Today’s report showed personal income going up $194.7 billion in February, and consumption expenditures up $87.8 billion for the month. January revisions adjusted wages down 0.2 percent down from the initial report, and farm income down $33.9 billion.
The numbers painted a bad outlook for 2025, as spending remained lower than expected. Trump’s continued flip-flopping on tariffs and looming retaliatory measures from China, Mexico and Canada kept consumers spending less, showing yet another month of hesitancy amidst the international tug-of-war. Inflation notched up to medium-high, and the cost of food led to essentials-only shopping habits, evidenced by a drop in snack-food sales.
Last month Illinois Governor Jay Pritzker compared Trump’s rise to that of Adolf Hitler in pre-war Germany, but economist Peter Morici thinks the president is more like Nero.
“He’s watching Rome burn,” he said. But instead of playing the fiddle, he’s “taking credit.”
President Trump demanded domestic automakers keep prices stable through the new tariffs, but the task seems impossible as long as foreign parts cost more. The big three automakers, Ford, General Motors and Stellantis, have seen domestic sales go up recently. The spike indicates buyers are getting ’em cheap before tariffs affect prices.
“That’s probably consumers front-loading ahead of tariffs,” said Atakan Bakiskan, US Economist for Berenberg, a Hamburg-based bank. “The consumers are telling you that it’s a good time to buy because the prices are going to go high.”
With January’s surprisingly low spending, the March release further lowered expectations about the coming year.
“It looks like the Q1 consumer spending is going to come in quite, quite bad, almost flat,” said Bakiskan. If next month’s release is similar, the year might be on track to have lower GDP, and higher inflation than expected.
To salvage the year, “all the heavy lifting has to come from either inventories or investment really, because net exports are going to be a drag on Q1 growth anyways,” he said.
Inflationary prices and tariffs are expected to impact rural consumers more severely than urban ones, where jobs, services and goods are easier to access. Areas like Alaska, where Donald Trump received 54.54% of the popular vote, have seen consumers fleeing to more urban economies.
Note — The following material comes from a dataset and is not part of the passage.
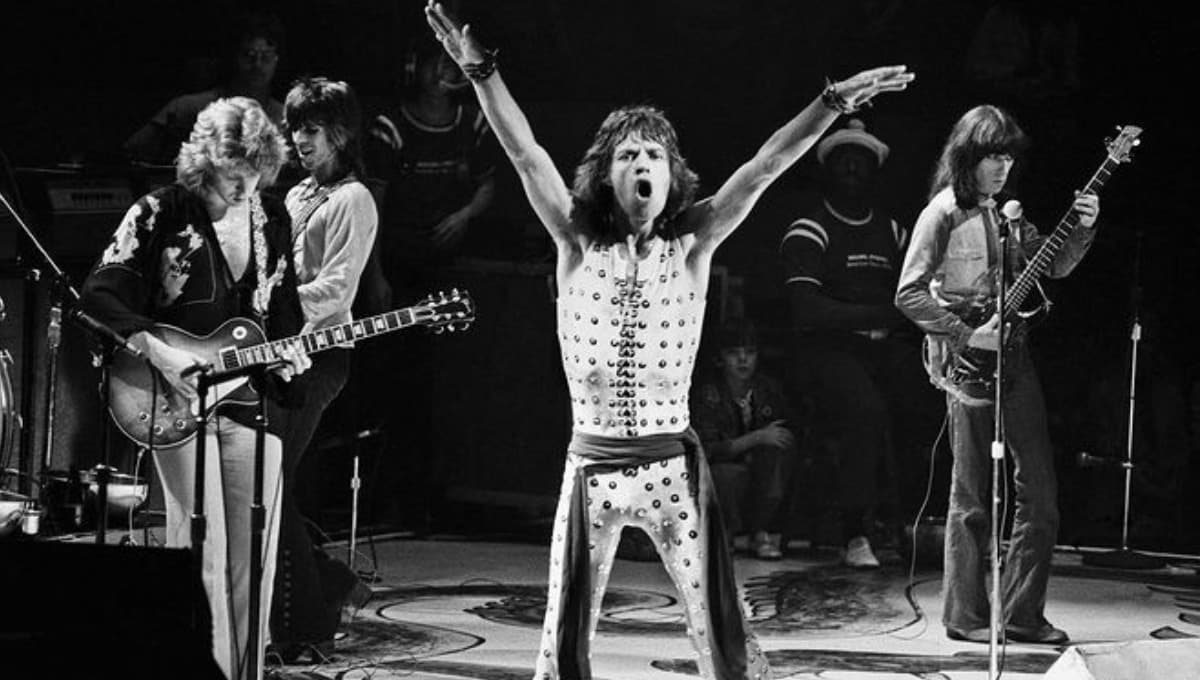 ¿Qué edad tienen los Rolling Stones?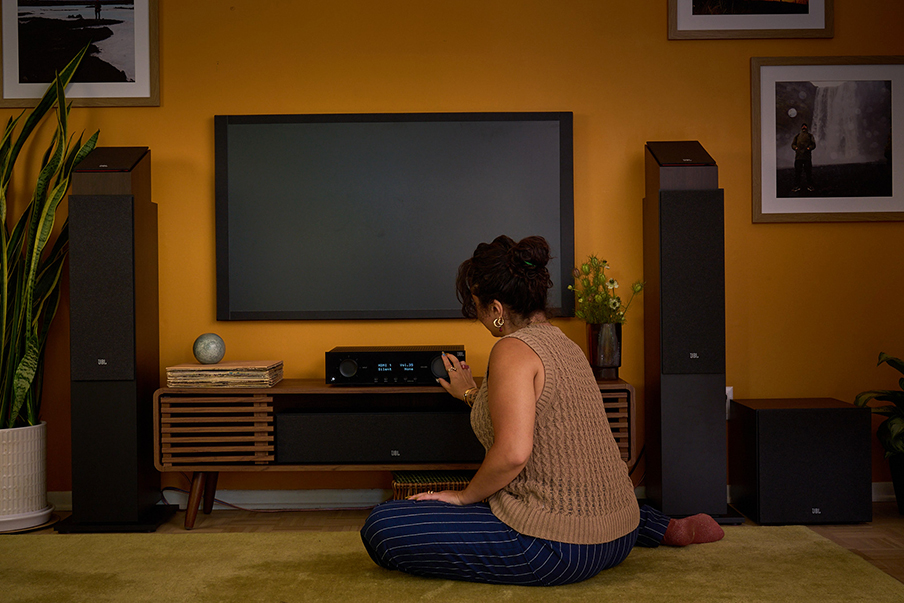 Sonido envolvente e inmersivo de alto rendimiento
For the last ten years, Dominic Lozano, President of the Firefighters Association of Alaska has noticed the difference.
“We’re not offering them,” he said, “reasons to come back to Alaska. And so, yeah, our population’s dwindling.”
Trump’s secretary of the treasury Scott Bessent, has changed course on tariffs, once recognizing them as a type of inflationary tax, but now supporting them despite overseeing an economy hampered by inflation. The Federal Reserve is unlikely to budge on interest rates this year, as a result.
Ultimately, consumers are feeling the impact. The University of Michigan’s Surveys of Consumers revealed that consumers expectations dropped another 17.8 percent from last month, down 32 percent from last year.
“My mother who is a clerk in a high school cafeteria doesn’t need a PHD in economics to know what’s wrong with the economy,” said economist Peter Morici.